▶ Problem details
Below are the records to retype. Keep every character exactly and leave out the pictures.

▶ Dataset entries

________________________________________

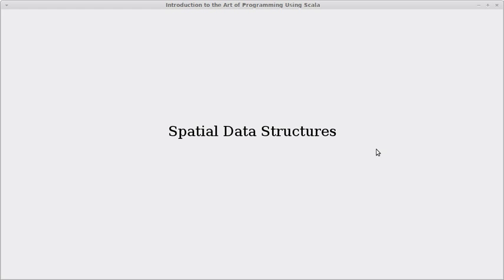Welcome back to the video lecture series for Introduction to the Art of Programming using Scala. In this video we're going to start our chapter on spatial data structures. The fundamental problem that we want to solve with these is being able to find neighbors.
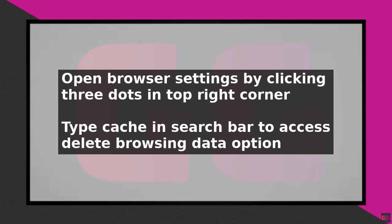To fix the issue of Roblox thinking you're using a mobile device when you're actually on a computer, you can try a two-step solution. First, open your browser settings by clicking on the three dots in the top right corner and selecting settings from the dropdown menu.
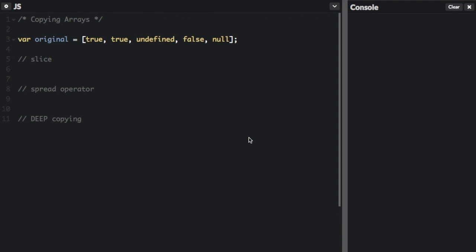There are a few different ways to copy or clone an array. Let's look at some.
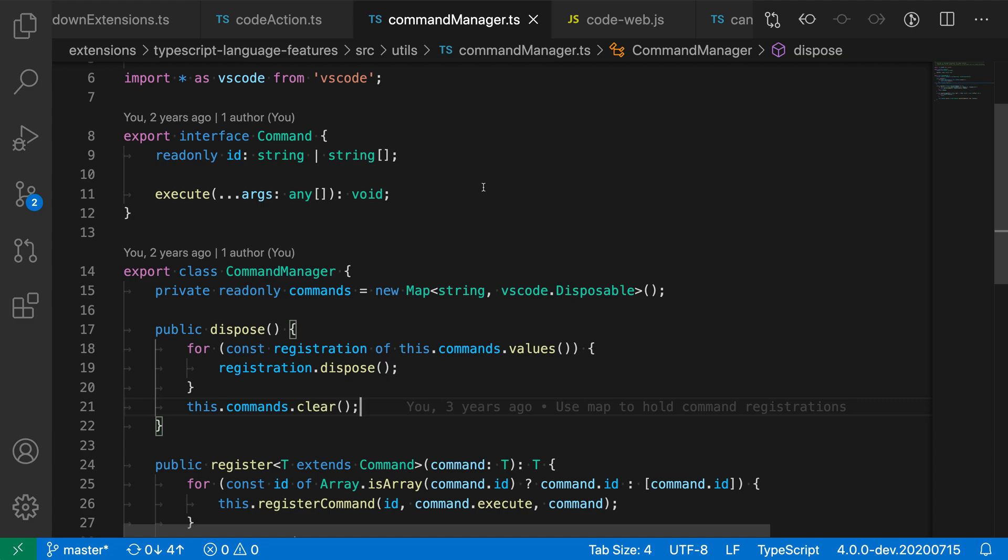At the top of the editor in VS Code, you find the breadcrumbs. By default, the breadcrumbs display both the current symbol location in the file. So in this case, my cursor is inside the command manager class here and then inside the dispose method.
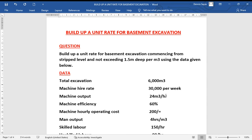Estimation and costing is one of the easiest units in building and civil engineering. Today I have prepared a tutorial on building up a unit rate for basement excavation. Welcome back, my name is Christine. Kindly watch this tutorial to the end so that we can build up this unit rate together and you can answer your questions more easily.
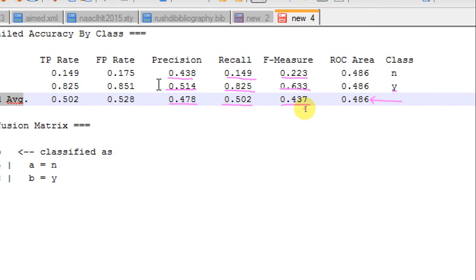0.437 is not the harmonic mean of 0.478 and 0.502. Then she asks this question that how does then WEKA calculate the weighted average for a given data set? So, I'm trying to discuss this in this tutorial.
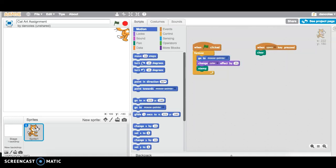Good afternoon students. This will be a quick tutorial on how to share and then provide me with the information on how to find your Scratch assignments so that I can look through them and provide you with a mark.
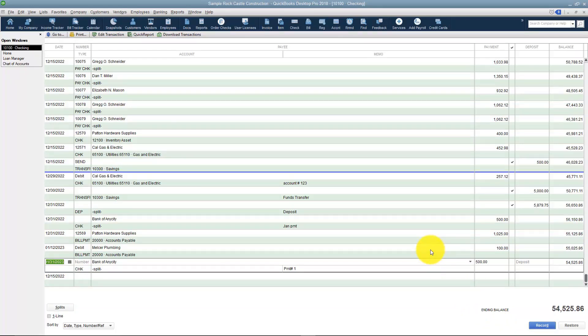That's how the loan manager works. Now that you know how to set up loans and how to make payments and things like that, let's go ahead and talk a little bit in module nine about how to work with credit cards.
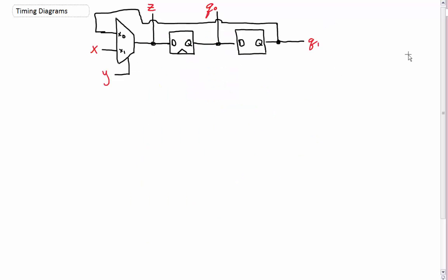Hey guys, let us talk about timing diagrams. I'm picking an example from class because I really want to be able to double-check that I'm showing you guys how to do this properly. I could pull a circuit out of nowhere and do it, but I may be showing you the wrong answer in the end. And I don't want to do that. This one I found was a little bit weird, so I'll be discussing this one. Let's get to it.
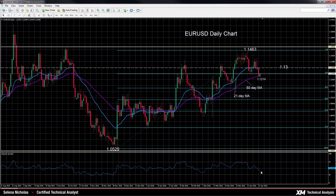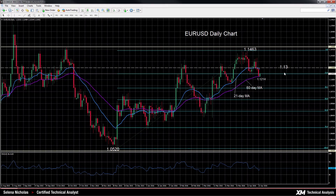This suggests the risk of more downside momentum. Prices are currently trapped between the 50-day moving average, which is acting as immediate support at 1.1214, and below the 23.6 Fibonacci level at 1.1241. This Fibonacci level is of the rise from 1.0520 to 1.1463.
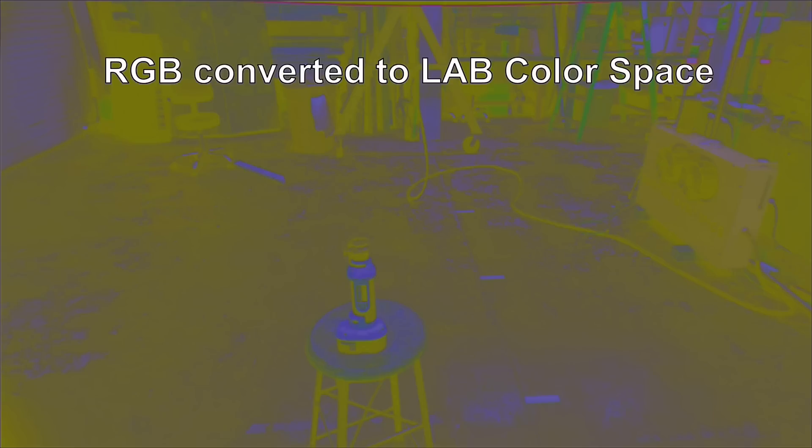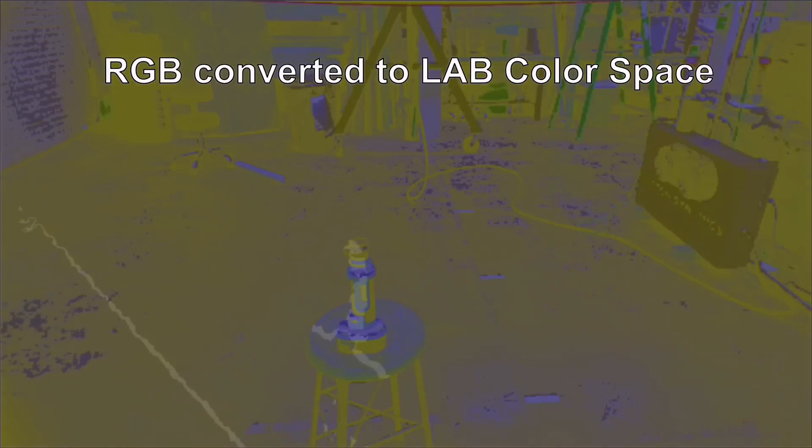Once it's converted into the LAB color space, we look for the points which we used for scribbling. We convert those points also to LAB color space and see all the points in the image which are close to that. We create something like a heat map where black means it is nowhere close in terms of color to the object of interest, gray means it might be, and white means it's most probably the object of interest.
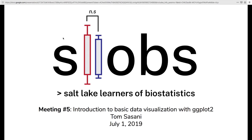Good morning, everybody. I think we'll get started — it's a little after nine. My name is Tom Sasani. I'm a grad student in Aaron Quinlan's group up in the Department of Human Genetics. Today we're going to do a basic intro to data visualization using a library in R that many of you might be familiar with called ggplot2. This is going to be a fairly basic intro to ggplot, but if you have no familiarity with it, hopefully it'll be a nice intro to how to visualize data using R.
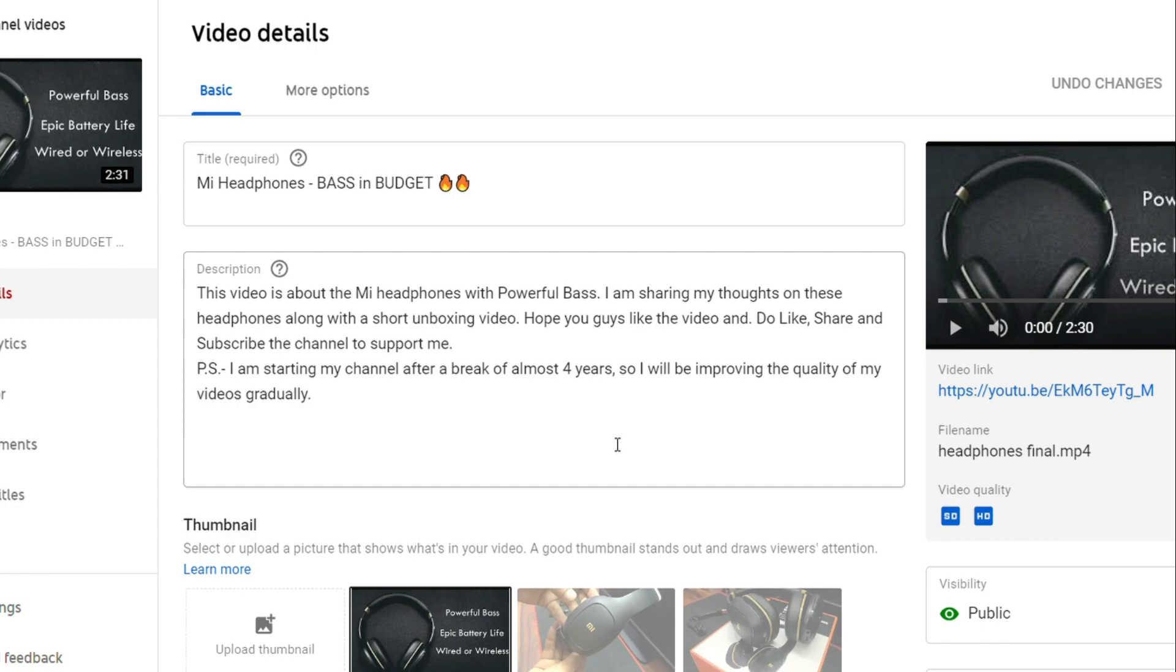You can simply navigate to the description of the video and enter the timestamps. Let's pick up this video.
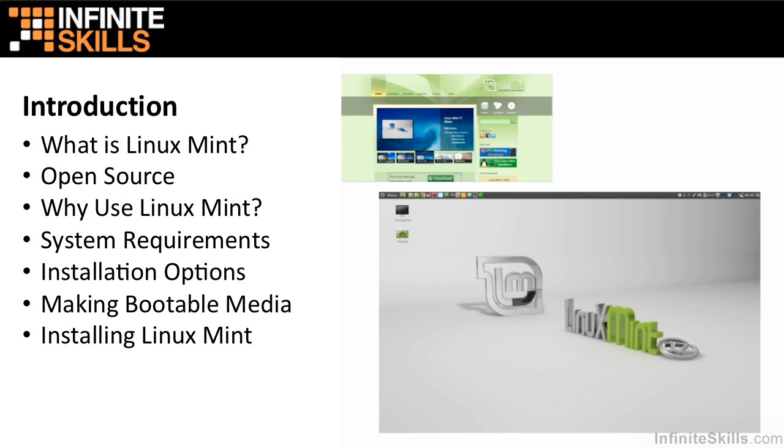So why would we want to use Linux Mint? Well, Linux Mint is free, very robust, and it's a modern operating system.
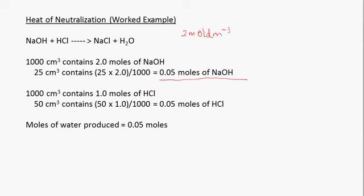The concentration of the hydrochloric acid was 1 mol/dm³, meaning that in 1000 cm³ we have 1 mole of hydrochloric acid. Therefore, 50 cm³ contains 50 multiplied by 1 divided by 1000, giving us 0.05 moles of hydrochloric acid.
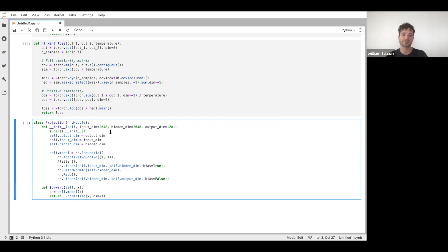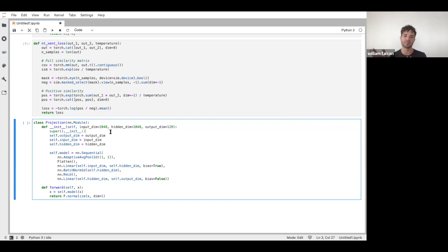So we're going to attach that and that's going to map from the output of our encoder into the dimension that we want to have for the comparisons.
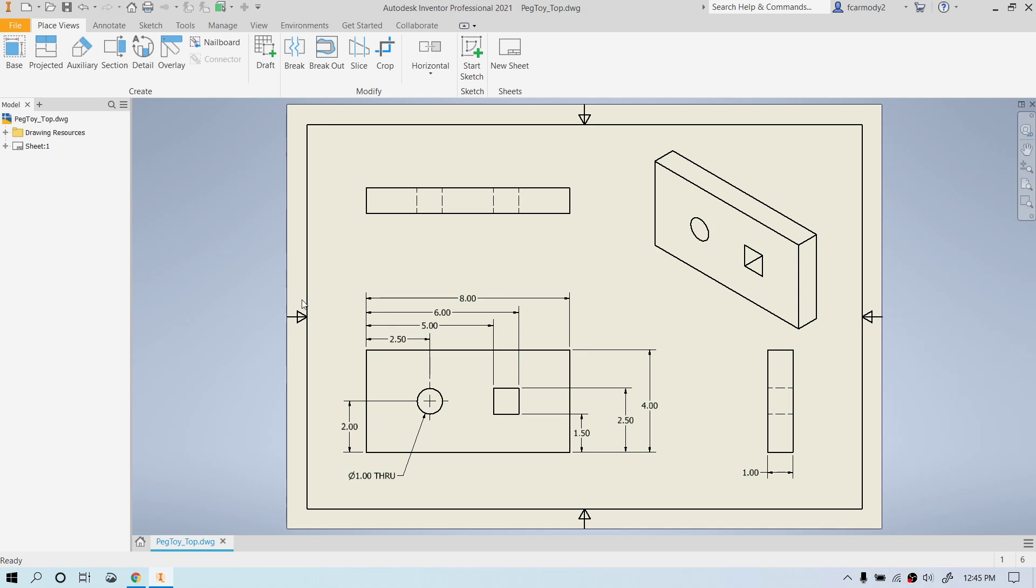Hi, so we're in an Inventor drawing and we're going to do a parts list for an assembly. We're starting out in this drawing to show how to add a new sheet. We have an existing sheet, and you can add as many sheets as you want into a DWG.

________________________________________

▶ Answer to the problem
Welcome back to the video lecture series for Introduction to the Art of Programming using Scala. In this video we're going to start our chapter on spatial data structures. The fundamental problem that we want to solve with these is being able to find neighbors.
To fix the issue of Roblox thinking you're using a mobile device when you're actually on a computer, you can try a two-step solution. First, open your browser settings by clicking on the three dots in the top right corner and selecting settings from the dropdown menu.
There are a few different ways to copy or clone an array. Let's look at some.
At the top of the editor in VS Code, you find the breadcrumbs. By default, the breadcrumbs display both the current symbol location in the file. So in this case, my cursor is inside the command manager class here and then inside the dispose method.
Estimation and costing is one of the easiest units in building and civil engineering. Today I have prepared a tutorial on building up a unit rate for basement excavation. Welcome back, my name is Christine. Kindly watch this tutorial to the end so that we can build up this unit rate together and you can answer your questions more easily.
0.437 is not the harmonic mean of 0.478 and 0.502. Then she asks this question that how does then WEKA calculate the weighted average for a given data set? So, I'm trying to discuss this in this tutorial.
Good afternoon students. This will be a quick tutorial on how to share and then provide me with the information on how to find your Scratch assignments so that I can look through them and provide you with a mark.
That's how the loan manager works. Now that you know how to set up loans and how to make payments and things like that, let's go ahead and talk a little bit in module nine about how to work with credit cards.
Hey guys, let us talk about timing diagrams. I'm picking an example from class because I really want to be able to double-check that I'm showing you guys how to do this properly. I could pull a circuit out of nowhere and do it, but I may be showing you the wrong answer in the end. And I don't want to do that. This one I found was a little bit weird, so I'll be discussing this one. Let's get to it.
This suggests the risk of more downside momentum. Prices are currently trapped between the 50-day moving average, which is acting as immediate support at 1.1214, and below the 23.6 Fibonacci level at 1.1241. This Fibonacci level is of the rise from 1.0520 to 1.1463.
Once it's converted into the LAB color space, we look for the points which we used for scribbling. We convert those points also to LAB color space and see all the points in the image which are close to that. We create something like a heat map where black means it is nowhere close in terms of color to the object of interest, gray means it might be, and white means it's most probably the object of interest.
Good morning, everybody. I think we'll get started — it's a little after nine. My name is Tom Sasani. I'm a grad student in Aaron Quinlan's group up in the Department of Human Genetics. Today we're going to do a basic intro to data visualization using a library in R that many of you might be familiar with called ggplot2. This is going to be a fairly basic intro to ggplot, but if you have no familiarity with it, hopefully it'll be a nice intro to how to visualize data using R.
You can simply navigate to the description of the video and enter the timestamps. Let's pick up this video.
So why would we want to use Linux Mint? Well, Linux Mint is free, very robust, and it's a modern operating system.
The concentration of the hydrochloric acid was 1 mol/dm³, meaning that in 1000 cm³ we have 1 mole of hydrochloric acid. Therefore, 50 cm³ contains 50 multiplied by 1 divided by 1000, giving us 0.05 moles of hydrochloric acid.
So we're going to attach that and that's going to map from the output of our encoder into the dimension that we want to have for the comparisons.
Hi, so we're in an Inventor drawing and we're going to do a parts list for an assembly. We're starting out in this drawing to show how to add a new sheet. We have an existing sheet, and you can add as many sheets as you want into a DWG.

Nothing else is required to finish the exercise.